As for Piatek, many wondered if the Pole could keep the fire of his hot streak burning at a club where every No. 9 since Filippo Inzaghi retired has played as if under some peculiar goal-extinguishing curse. He out-performed xG at Genoa becoming a somewhat renowned specialist in unexpected goals, leading the analytics community to quite justifiably query his ability to keep scoring at a Ronaldo-esque rate.
Fears that Milan were letting one of the best in the world go for a flash in the pan who might have a lower ceiling were by no means illegitimate. But the move now looks inspired. Piatek scored a brace to dump Napoli out the cup, sucker-punched Roma at the Stadio Olimpico and dispirited one of the most spirited teams in Serie A in Atalanta with an astonishing equaliser as well as the final goal in a 3-1 win. Six months after moving to Italy for little over €3m, Piatek is still somehow contriving to make the €35m Milan just paid for him look like an absolute bargain. He is averaging a goal every 59 minutes for them.
Nicknamed "Robocop" by Gattuso for his machinelike approach to scoring, the Milan coach joked on Saturday that just as a baby's first word is usually "mamma," Piatek's must have been "goal."

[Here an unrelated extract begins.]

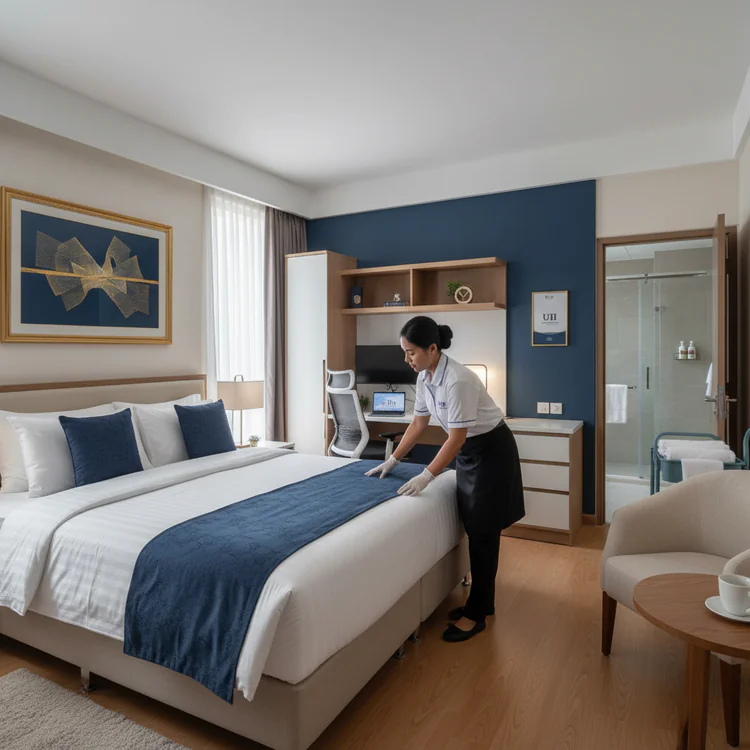 Rasakan Kost Mewah UII dengan Nuansa 3-Star Hotel dan Housekeeping Rutin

Overlooked in a lot of the analysis of Milan is the fact that Lucas Biglia and Bonaventura's injuries and the abrupt exit of Higuain have made an already young team even younger. Gianluigi Donnarumma has put last year's turmoil behind him and the Gianluigi Buffon comparisons all of a sudden don't look so crazy anymore. Alessio Romagnoli has helped marshal the defence to eight clean sheets in Milan's last 15 games, captaining the team with an authority and displaying a Sergio Ramos-like knack for scoring big goals late in games. Even Hakan Calhanoglu is rediscovering his form thanks in no small part to the faith of Gattuso; all just as Biglia and Mattia Caldara prepare to return
The signs are positive. Milan have a head of steam to take into games against Empoli and Sassuolo at the San Siro, followed by trip to bottom club Chievo and then the Derby della Madonnina. A team that has finished 8th, 10th, 7th, 6th and 6th in the last five years finds itself in a great position. Caution is still necessary, particularly as things are beginning to click for Roma and require Milan to look over their shoulder. But with the Mauro Icardi saga threatening to throw a spanner in Inter's works, the Rossoneri need to keep an eye on the road ahead too.
Touch wood and Milan will be listening to the Champions League anthem next season. For some superstition isn't the way. However, you try telling Gattuso that.